Kevin JensenToday is the day that tuition runs out at CSU. Okay not really, but April 24 is the day in the semester which symbolically represents when CSU would stop running if it operated only on revenue from tuition and fees. Again, not really — for CSU that day would actually be sometime in early March, but you get the point.

Tuition runs out day is here to bring awareness to the fact that tuition and student fees account for only about a quarter of what it takes to run this university. The rest is provided by private donors, grants and contracts, state support and other sources of revenue.


I love this university. In order for Colorado State to be able to continue its land-grant mission of providing high quality and affordable education to Coloradans, the graduating seniors from this university must establish a tradition of giving back as CSU increasingly relies upon private funding for lack of public support.

That being said, CSU, please stop calling and emailing graduating seniors like myself asking for money while we’re still in school.

My last semester at this university has been hectic. While juggling two jobs, a full class load and completing my honors thesis, I was lucky enough to be able to squeeze a few hours out of my schedule to find an internship for the summer before attending law school in the fall.

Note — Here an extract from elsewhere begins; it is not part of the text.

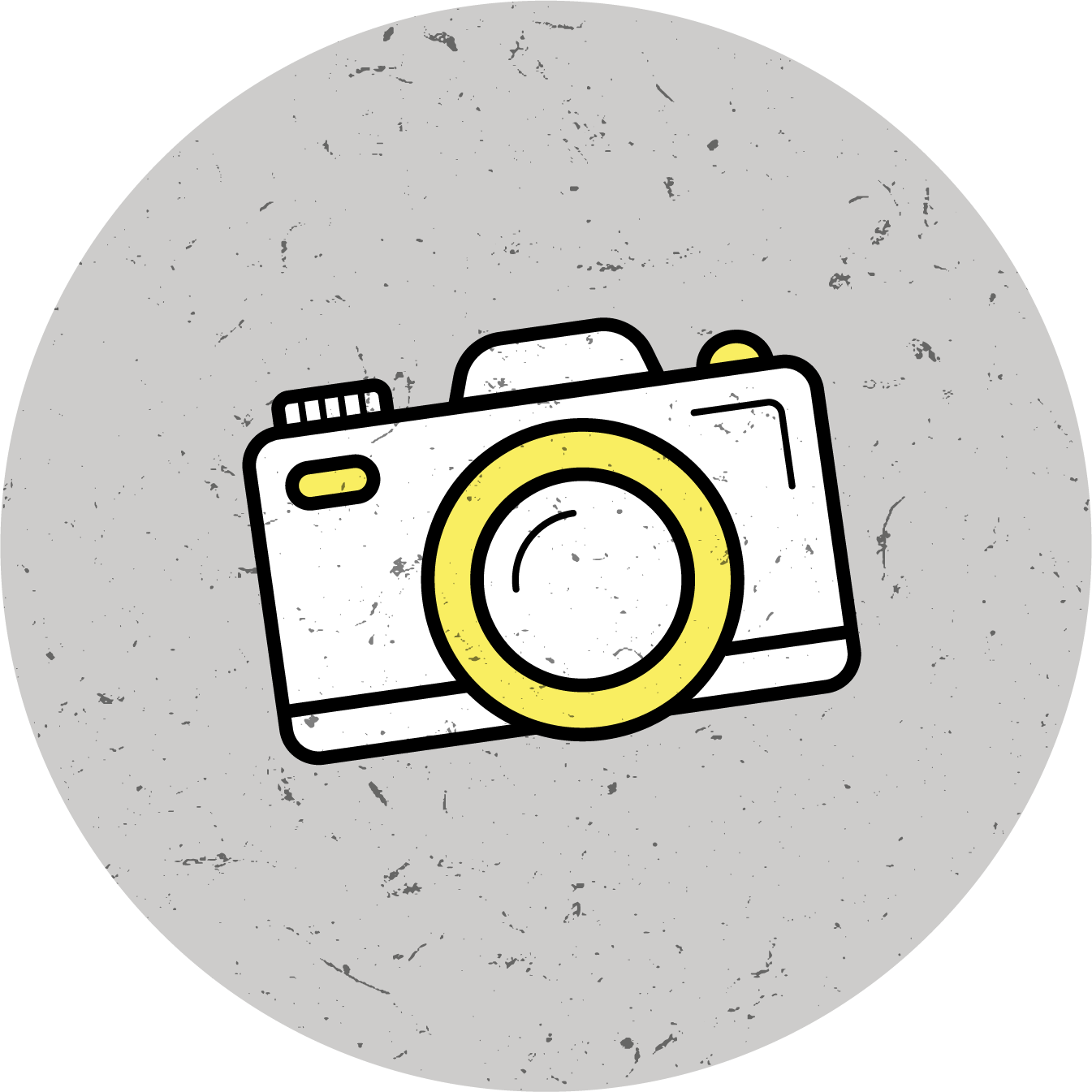 Illustration of a camera with a yellow lens on a gray textured background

During this busy semester, I have also received two phone calls and multiple emails from CSU with hat in hand, asking me for a minor donation of twenty or forty bucks.

Really, they’re not even asking for very much, but it almost feels as if the university is absolutely clueless to the current financial status of the majority of students graduating from their university.

I am not one of the lucky few who either have parents wealthy enough to pay for their college or with parents that are socioeconomically disadvantaged enough for me to receive any grants or need-based scholarships, so instead, like many students, I must mire myself in debt to pay for my education.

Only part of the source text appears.